효과: 작은 ID, 카운터 등이 매우 효율적.

2.5 비교 예시

// JSON: 78 bytes
{"id":123,"name":"Alice","email":"alice@example.com"}
// Protobuf: 35 bytes (45% 작음)
0a 03 31 32 33  # field 1 (id), len 3, "123"
12 05 41 6c 69 63 65  # field 2 (name), len 5, "Alice"
1a 11 ...

큰 메시지일수록 차이가 큼 (key 반복이 없으므로).

2.6 Schema Evolution

규칙:

  • ✅ 새 필드 추가 (다른 번호로)
  • ✅ 필드 이름 변경
  • ✅ optional → required X (proto3는 모두 optional)
  • ❌ 필드 번호 변경
  • ❌ 필드 타입 변경 (호환 안 됨)
  • ❌ 필드 삭제 후 번호 재사용 (reserved 사용)
message User {
  reserved 4, 5;          // 4, 5는 사용 안 함
  reserved "old_field";    // 이름도 reserved
  
  int64 id = 1;
  string name = 2;
  string email = 3;
}

3. 4가지 통신 모델

3.1 Unary RPC (가장 일반적)

rpc GetUser(GetUserRequest) returns (User);

동작: 1 요청 → 1 응답. REST와 비슷.

# Client
response = stub.GetUser(GetUserRequest(user_id=123))
print(response.name)
# Server
def GetUser(self, request, context):
    user = db.get(request.user_id)
    return User(id=user.id, name=user.name, email=user.email)

사용: CRUD, 일반 API.

3.2 Server Streaming

rpc StreamUsers(Empty) returns (stream User);

동작: 1 요청 → N 응답.

# Client
for user in stub.StreamUsers(Empty()):
    print(user.name)
# Server
def StreamUsers(self, request, context):
    for user in db.iter_all():
        yield User(id=user.id, name=user.name)
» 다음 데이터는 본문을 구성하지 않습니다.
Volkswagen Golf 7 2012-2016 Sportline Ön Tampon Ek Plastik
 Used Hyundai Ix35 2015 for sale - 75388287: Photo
사용: 큰 결과 셋 (수천 행), 실시간 업데이트, 로그 스트리밍.

3.3 Client Streaming

rpc UploadEvents(stream Event) returns (UploadResponse);

동작: N 요청 → 1 응답.

# Client
def event_generator():
    for event in events:
        yield event

response = stub.UploadEvents(event_generator())
print(response.processed)
# Server
def UploadEvents(self, request_iterator, context):
    count = 0
    for event in request_iterator:
        process(event)
        count += 1
    return UploadResponse(processed=count)

사용: 대용량 업로드, 배치 처리.

3.4 Bidirectional Streaming

rpc Chat(stream ChatMessage) returns (stream ChatMessage);

동작: N 요청 ↔ N 응답. 양쪽이 독립적으로 메시지 보냄.

# Client
def send_messages():
    yield ChatMessage(text="Hello")
    yield ChatMessage(text="How are you?")

for response in stub.Chat(send_messages()):
    print(f"Received: {response.text}")
# Server
def Chat(self, request_iterator, context):
    for msg in request_iterator:
        yield ChatMessage(text=f"Echo: {msg.text}")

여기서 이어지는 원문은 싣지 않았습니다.